Coming Full Circle on Scale Out vs. Scale Up

When I first started with virtualization, the only option you had at the time was single core processors in the hosts. Scale up or scale out was the hot debatable topic when designing your infrastructure.  On one side of the coin the idea was to scale up in that it was best to get a few of the biggest servers you could find and load them up with as much memory and processors that you could fit in the box.  The end result were some very expensive servers able to run a lot of virtual machines for its time.  The other side of the coin presented the idea that it was better to scale out with more, smaller servers to make up the cluster.  I have worked in both type of environments and attitudes over the years and as for me, personally, I aligned myself with the scale out philosophy.  The simple reason for aligning with the scale out group was host failure.  When you have sixty to eighty virtual machines per host and lose that host it was really a lot of eggs in one basket and took some time to recover.  When you have more, smaller servers, then the shock of losing a host was not as severe because there were not as many virtual machines running on single host and it would take less time to recover.  This was during the time before vCenter, vMotion, HA and DRS when it was just you and the VMware ESX hosts.

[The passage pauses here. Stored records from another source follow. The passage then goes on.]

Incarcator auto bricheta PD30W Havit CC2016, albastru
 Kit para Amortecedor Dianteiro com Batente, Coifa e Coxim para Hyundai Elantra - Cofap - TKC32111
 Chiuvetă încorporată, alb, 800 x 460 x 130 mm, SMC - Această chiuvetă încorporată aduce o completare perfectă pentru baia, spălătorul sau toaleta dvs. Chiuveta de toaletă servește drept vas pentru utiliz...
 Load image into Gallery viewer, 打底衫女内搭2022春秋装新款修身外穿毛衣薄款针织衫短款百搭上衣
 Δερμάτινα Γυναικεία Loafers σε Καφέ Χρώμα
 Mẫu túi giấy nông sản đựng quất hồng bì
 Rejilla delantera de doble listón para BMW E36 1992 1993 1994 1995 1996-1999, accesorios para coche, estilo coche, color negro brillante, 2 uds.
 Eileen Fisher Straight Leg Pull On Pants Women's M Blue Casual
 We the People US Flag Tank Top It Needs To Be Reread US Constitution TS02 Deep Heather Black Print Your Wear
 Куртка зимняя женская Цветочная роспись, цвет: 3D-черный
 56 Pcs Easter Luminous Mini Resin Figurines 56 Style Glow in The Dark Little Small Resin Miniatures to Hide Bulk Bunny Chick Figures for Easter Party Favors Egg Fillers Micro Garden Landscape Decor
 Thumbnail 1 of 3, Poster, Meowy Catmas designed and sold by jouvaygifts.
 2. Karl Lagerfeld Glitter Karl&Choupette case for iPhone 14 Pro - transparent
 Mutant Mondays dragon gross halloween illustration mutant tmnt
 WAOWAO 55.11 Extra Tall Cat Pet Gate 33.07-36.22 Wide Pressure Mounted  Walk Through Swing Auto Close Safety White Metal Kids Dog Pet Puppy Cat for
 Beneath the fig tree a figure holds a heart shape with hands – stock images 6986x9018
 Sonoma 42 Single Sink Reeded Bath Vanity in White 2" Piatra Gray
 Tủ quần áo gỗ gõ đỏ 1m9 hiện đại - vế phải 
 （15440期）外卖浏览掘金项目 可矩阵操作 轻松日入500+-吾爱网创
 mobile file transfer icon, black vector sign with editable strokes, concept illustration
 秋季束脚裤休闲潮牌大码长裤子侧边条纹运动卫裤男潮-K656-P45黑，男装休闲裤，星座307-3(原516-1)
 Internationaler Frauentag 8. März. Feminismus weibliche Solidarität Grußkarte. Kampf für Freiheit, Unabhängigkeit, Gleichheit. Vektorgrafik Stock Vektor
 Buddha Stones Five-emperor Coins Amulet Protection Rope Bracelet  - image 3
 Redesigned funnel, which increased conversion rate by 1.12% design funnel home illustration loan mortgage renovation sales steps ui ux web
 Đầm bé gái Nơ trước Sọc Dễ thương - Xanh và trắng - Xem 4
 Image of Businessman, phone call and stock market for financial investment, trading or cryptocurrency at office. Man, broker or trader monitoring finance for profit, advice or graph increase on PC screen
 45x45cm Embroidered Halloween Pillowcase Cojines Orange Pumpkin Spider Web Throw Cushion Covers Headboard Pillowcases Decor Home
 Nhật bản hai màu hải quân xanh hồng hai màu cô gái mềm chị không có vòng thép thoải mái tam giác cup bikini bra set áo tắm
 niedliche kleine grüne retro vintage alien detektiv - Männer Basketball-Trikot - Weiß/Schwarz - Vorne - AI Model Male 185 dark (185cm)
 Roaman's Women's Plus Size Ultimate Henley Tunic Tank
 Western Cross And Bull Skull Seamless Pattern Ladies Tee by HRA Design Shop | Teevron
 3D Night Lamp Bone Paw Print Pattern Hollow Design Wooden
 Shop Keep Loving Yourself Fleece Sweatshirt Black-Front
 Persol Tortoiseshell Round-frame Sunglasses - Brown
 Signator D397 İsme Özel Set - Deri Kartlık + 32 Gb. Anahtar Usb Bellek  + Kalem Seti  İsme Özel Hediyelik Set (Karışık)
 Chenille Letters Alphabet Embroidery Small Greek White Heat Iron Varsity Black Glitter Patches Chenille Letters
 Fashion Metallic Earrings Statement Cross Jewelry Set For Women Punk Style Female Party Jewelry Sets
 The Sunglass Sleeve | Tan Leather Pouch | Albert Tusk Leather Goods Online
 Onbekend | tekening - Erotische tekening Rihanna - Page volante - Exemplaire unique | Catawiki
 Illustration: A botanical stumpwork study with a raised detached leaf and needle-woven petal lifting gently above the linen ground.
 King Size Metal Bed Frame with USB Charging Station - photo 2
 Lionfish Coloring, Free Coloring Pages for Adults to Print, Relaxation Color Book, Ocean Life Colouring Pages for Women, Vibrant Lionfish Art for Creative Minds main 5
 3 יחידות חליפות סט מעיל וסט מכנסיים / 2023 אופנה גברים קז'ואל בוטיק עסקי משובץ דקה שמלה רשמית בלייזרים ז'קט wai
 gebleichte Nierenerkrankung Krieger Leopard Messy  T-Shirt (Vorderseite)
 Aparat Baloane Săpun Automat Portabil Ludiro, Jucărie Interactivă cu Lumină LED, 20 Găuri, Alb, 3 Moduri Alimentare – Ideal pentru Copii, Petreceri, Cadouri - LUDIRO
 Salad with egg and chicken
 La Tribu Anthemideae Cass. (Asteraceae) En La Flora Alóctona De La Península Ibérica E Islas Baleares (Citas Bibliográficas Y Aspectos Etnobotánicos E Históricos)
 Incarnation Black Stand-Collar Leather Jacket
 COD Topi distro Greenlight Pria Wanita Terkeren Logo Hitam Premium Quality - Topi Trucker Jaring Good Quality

Flash forward to today and we have multi-core processors that pretty much come standard in every server.  I found a VMmark Performance Brief that HP released in April 2010 about the new, at the time, ProLiant DL385 G7 Dual Socket with twelve cores per socket for a total of twenty four sockets per machine.  The VMmark benchmark score was 30.96@22 tiles.

“This outcome means the server can run 132 virtual machines”

as announced in the brief.  So, have we once again, come full circle?  Back in the day the HP DL380 and DL385 were the scale out models that I liked to recommend. Granted with HA and DRS to automated, the recovery of the virtual machines on a failed host, it will still take some time to restart over a hundred virtual machines. In fact, there was an environment that I had designed and used the scale out approach with, that lost a host and with it around thirty virtual machines that VMware HA was able to recover in about five minutes or fast enough that the alerts never got triggered.  That has really been the moment in time that has solidified my view on that.

If we are going to better service our customers, should speed of recovery be one of the top considerations in the design?  I understand the need for server consolidation and in some datacenters the absolute need to reduce the physical footprint, but where do we draw the line?  I would really like to hear your thoughts of when you design a system, what is an acceptable amount of time for recovery as well as what the current amount of time to recover in your environment?  I understand that we need multi-core to handle the increase in demand for multi-processor virtual machines but when does it become overkill or does it?  Inquiring minds want to know.